Tele SC Asmara (Telecommunications Sport Club of Asmara) is an Eritrean football club based in Asmara.  The team -usually called "Tele S.C."- is a member of the Eritrean Football Federation national league.

History

Initially the club was founded in the early 1940s as an Italo-eritrean club named Gejeret, that played in the amateur championship of Italian Eritrea. In 1950 Gejeret started to play in the top league of Eritrea in Asmara and changed the name to "Telecommunications SC" (usually called "Tele SC").

In the Ethiopian championship the team obtained prestigious levels. So, in 1959 the team has won the Ethiopian Premier League., The Eritrean team also won the Ethiopian championship in 1969 and 1970.
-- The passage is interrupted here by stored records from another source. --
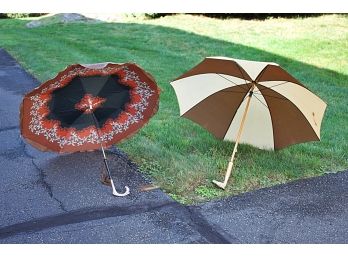 Two Umbrellas With Interesting Cane Handles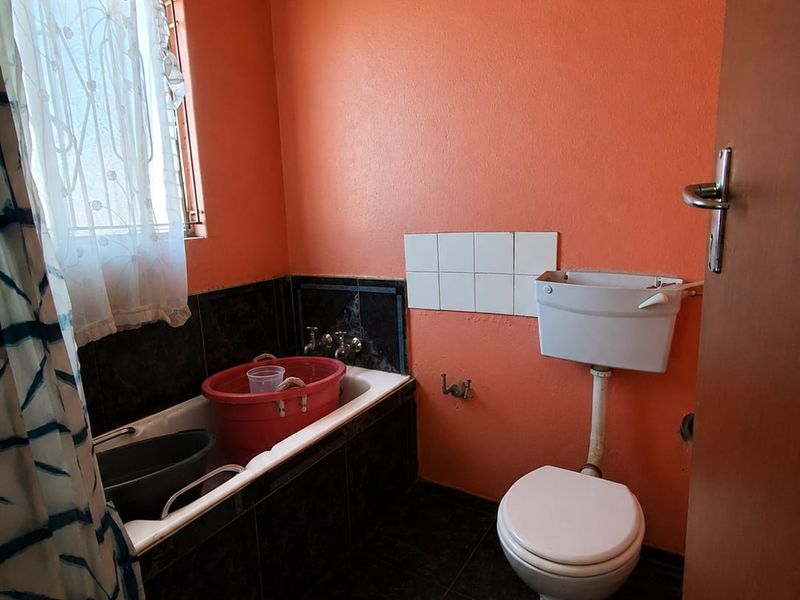 A dated bathroom featuring a bathtub, toilet, and dark tiled flooring, requiring cosmetic updates and modernization to improve its overall condition and appeal.
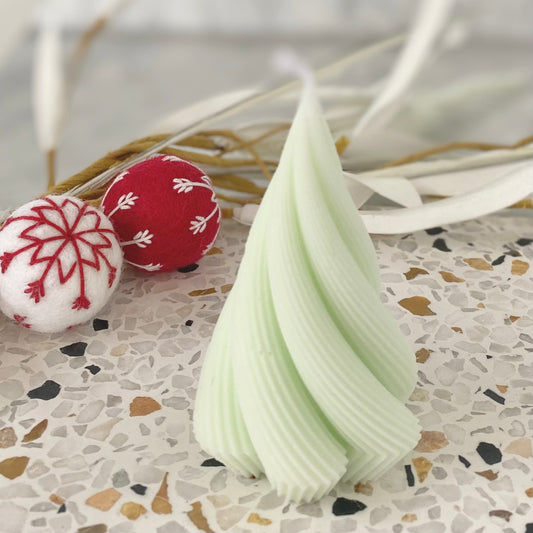 Gift Box NZ | New Zealand made products | Small gift boxes NZ | Gift in New Zealand   This festive hand poured Christmas tree shaped candle is handmade in Nelson, New Zealand by EM & ME Candles. This is a pine scented soy wax blend candle in a mint colour.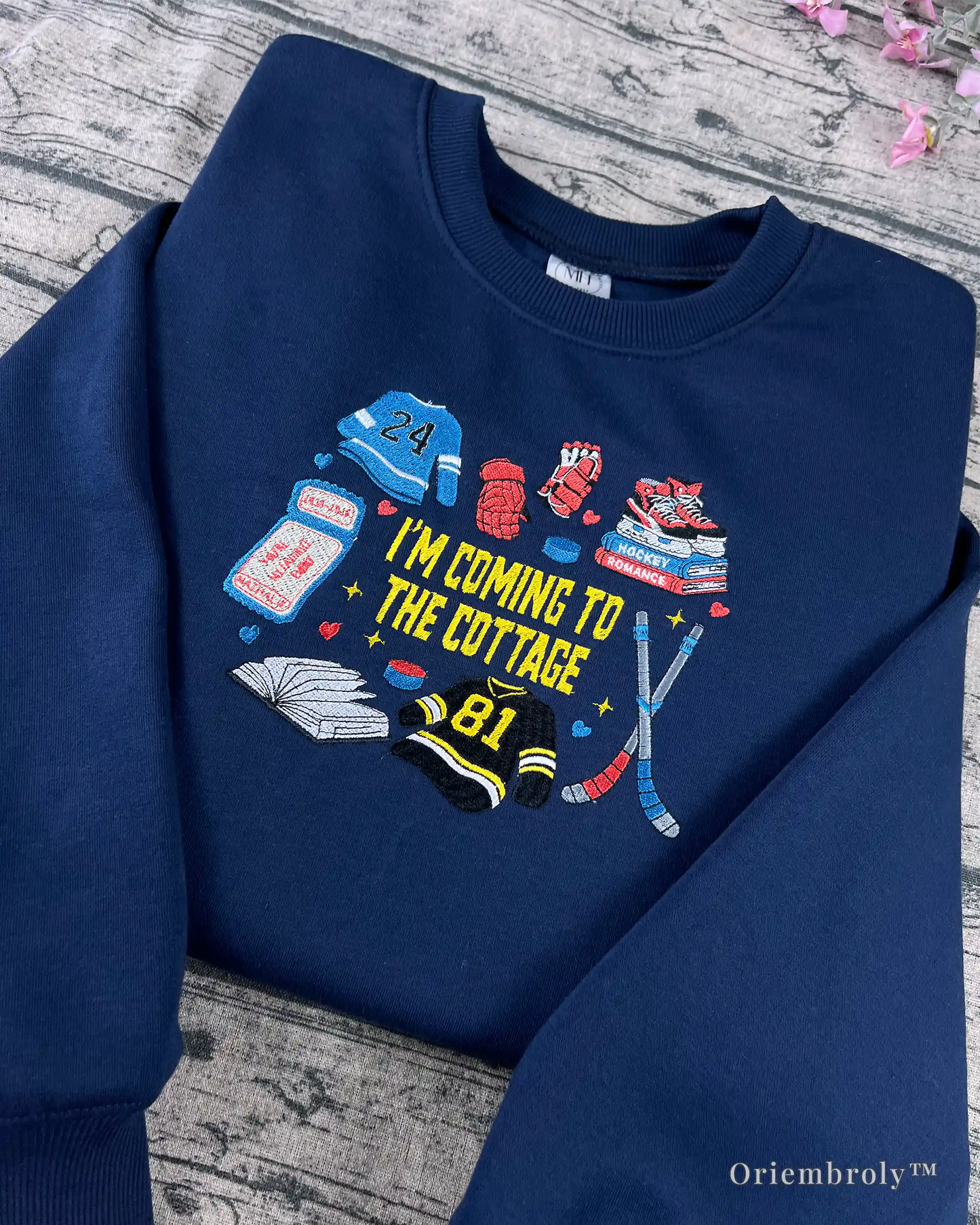 cottage phrase satin stitch embroidery on navy sweatshirt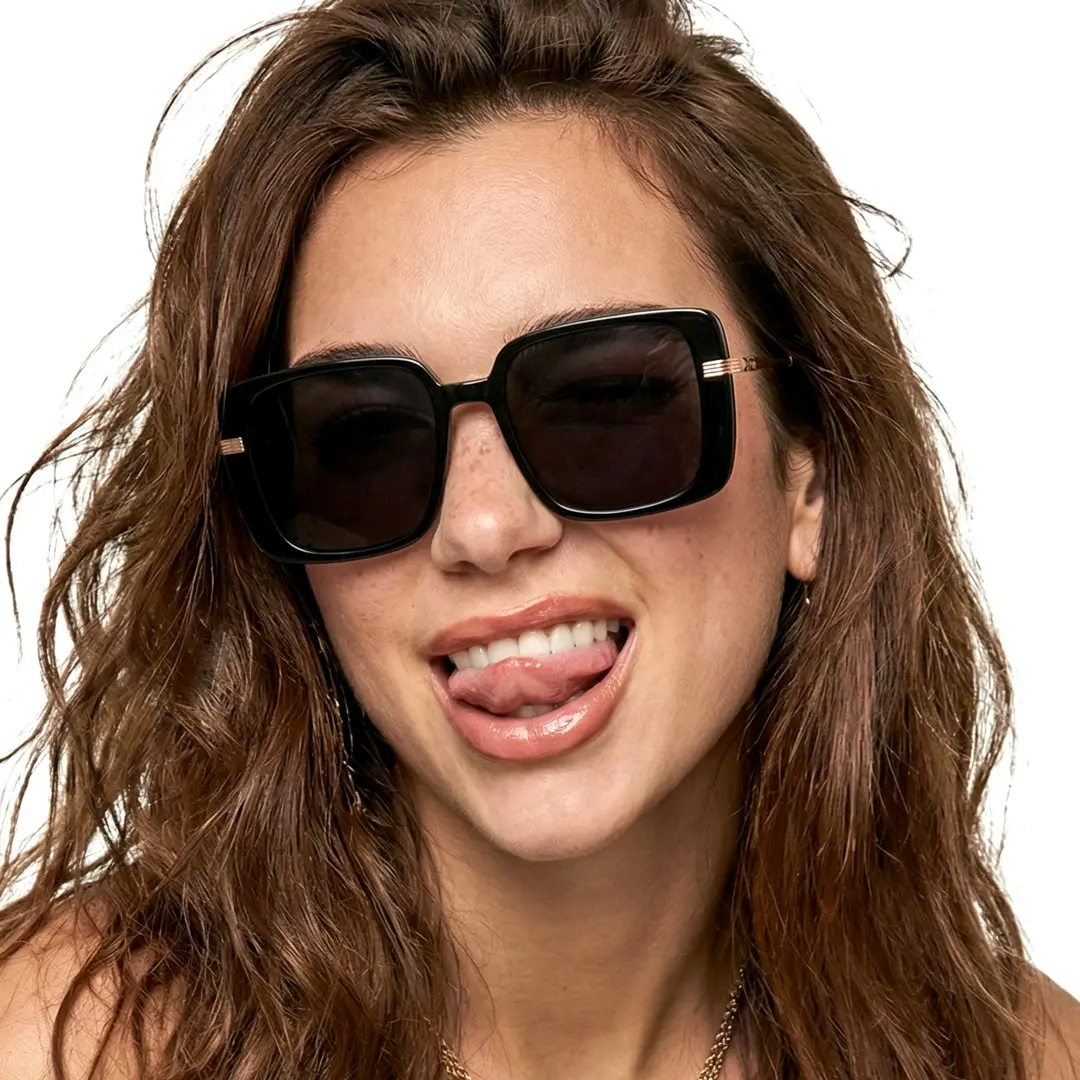 Front view of female wearing brown square sunglasses, sticking out tongue, smiling, SA0392503S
The team united with the historical GS Asmara in the early 1970s and changed again the name: it was now Tele SC Asmara. Under the lead of the famous "Eritrean Herrera" (the coach Massimo Fenili) the team won two titles of the Ethiopian National Championships in 1972 and 1973.

The team participated in four editions of the "African Cup of Champions Clubs".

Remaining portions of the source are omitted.